Frei Marcos Sassatelli*
No dia 19 do mês de outubro deste ano, cinco mil cruzes foram colocadas no gramado da Esplanada como protesto em defesa dos índios Guarani Kayowá. Na “Carta da Comunidade Guarani Kaiowá de Pyelito Kue/Mbarakay-Iguatemi-MS para o Governo e Justiça do Brasil”, os índios (um grupo de 170: 50 homens, 50 mulheres e 70 crianças) declaram, com firmeza e sem medo, que irão resistir até o fim à ordem de desocupação (processo nº 0000032-87.2012.4.03.6006, do dia 29 de setembro/12, da Justiça Federal), para defender seus direitos.
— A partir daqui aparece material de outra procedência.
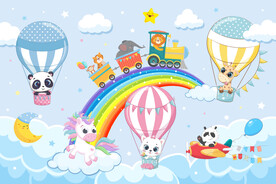 可爱动物小火车卡通彩虹气球背景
Afirmam que – pelas informações recebidas – sua Comunidade “logo será atacada, violentada e expulsa da margem do rio pela própria Justiça Federal, de Navirai-MS” e, corajosamente, denunciam: “fica evidente para nós que a própria ação da Justiça Federal gera e aumenta as violências contra as nossas vidas, ignorando os nossos direitos de sobreviver à margem do rio Hovy e próximo de nosso território tradicional Pyelito Kue/Mbarakay”.
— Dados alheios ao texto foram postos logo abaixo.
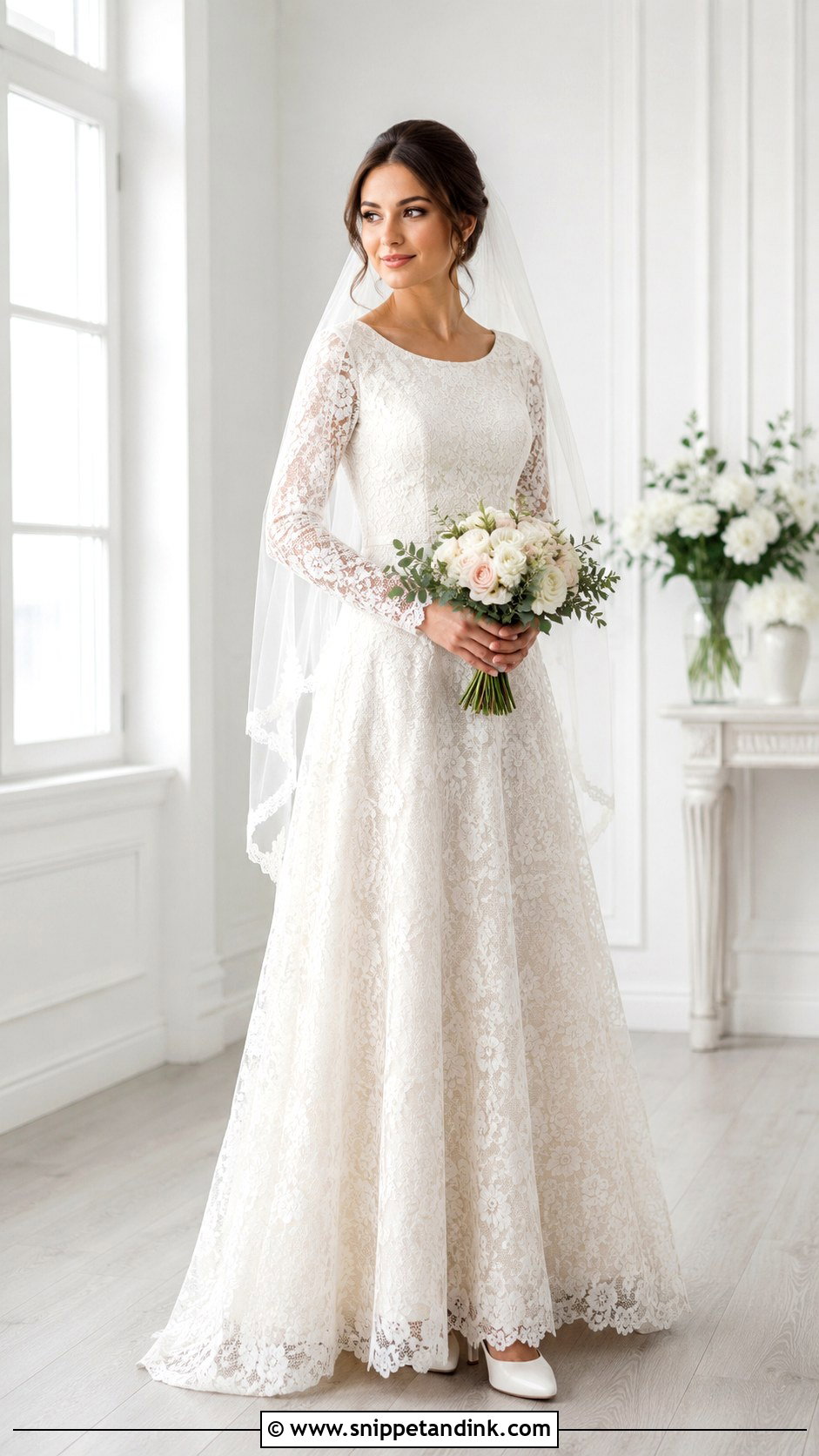 Lace Wedding Dress With Lined Bodice - Snippet and Ink - 25 Modest Lace Wedding Dresses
Dizem ainda: “Entendemos claramente que esta decisão da Justiça Federal de Navirai-MS é parte da ação de genocídio e extermínio histórico ao povo indígena, nativo e autóctone do Mato Grosso do Sul, isto é, a própria ação da Justiça Federal está violentando e exterminado e as nossas vidas”.
Manifestam, pois, sua decepção: “Queremos deixar evidente ao governo e à Justiça Federal que, por fim, já perdemos a esperança de sobreviver dignamente e sem violência em nosso território antigo, não acreditamos mais na Justiça brasileira”. E perguntam: “A quem vamos denunciar as violências praticadas contra nossas vidas? Para qual Justiça do Brasil? Se a própria Justiça Federal está gerando e alimentando violências contra nós”.
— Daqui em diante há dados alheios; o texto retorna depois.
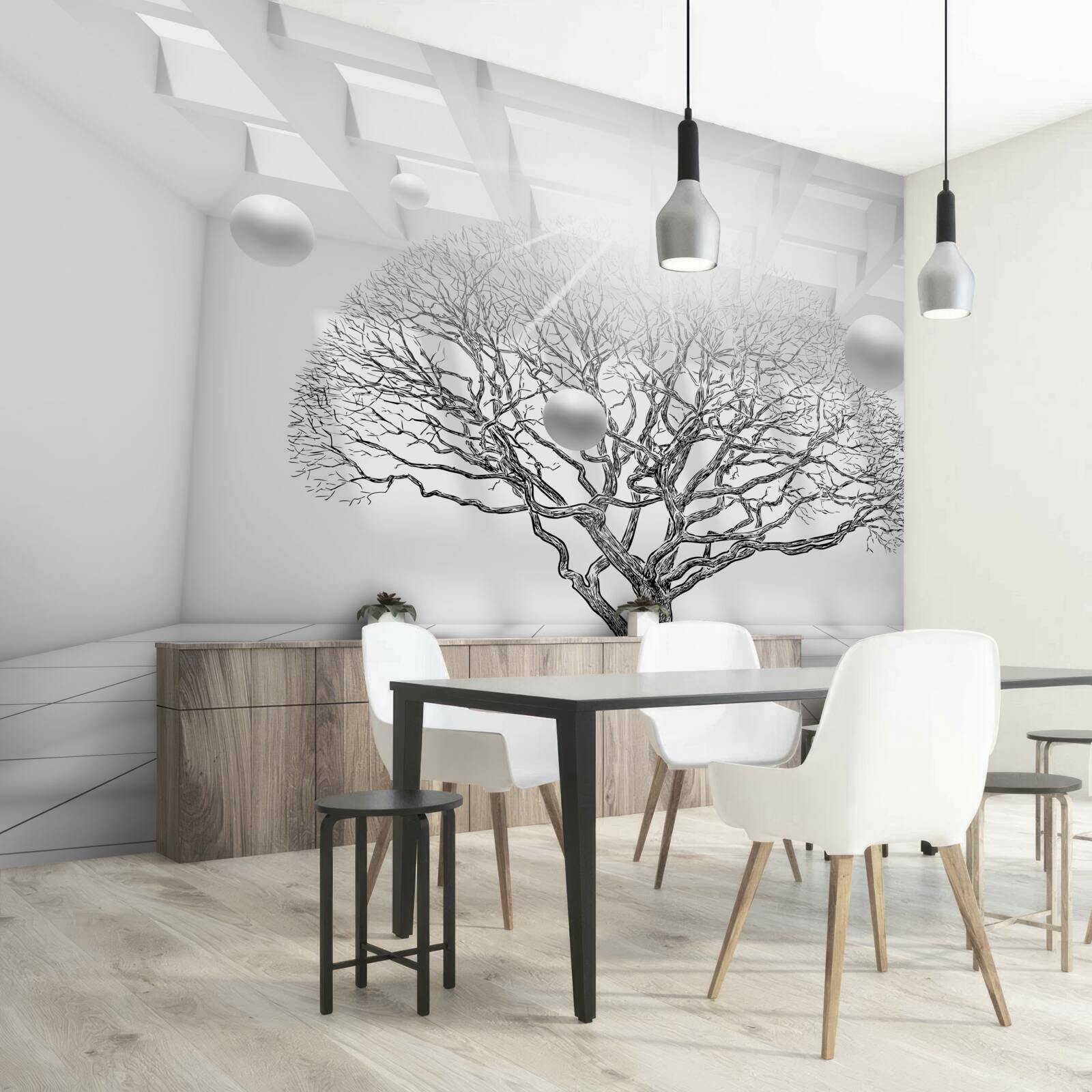 Fototapet copac fără frunze în centrul unui spațiu luminos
Depois, sempre com firmeza, declaram: “Nós já avaliamos a nossa situação atual e concluímos que vamos morrer todos mesmo em pouco tempo, não temos e nem teremos perspectiva de vida digna e justa tanto aqui na margem do rio quanto longe daqui. Estamos aqui acampados a 50 metros do rio Hovy, onde já ocorreram quatro mortes, sendo duas por meio de suicídio e duas em decorrência de espancamento e tortura de pistoleiros das fazendas”.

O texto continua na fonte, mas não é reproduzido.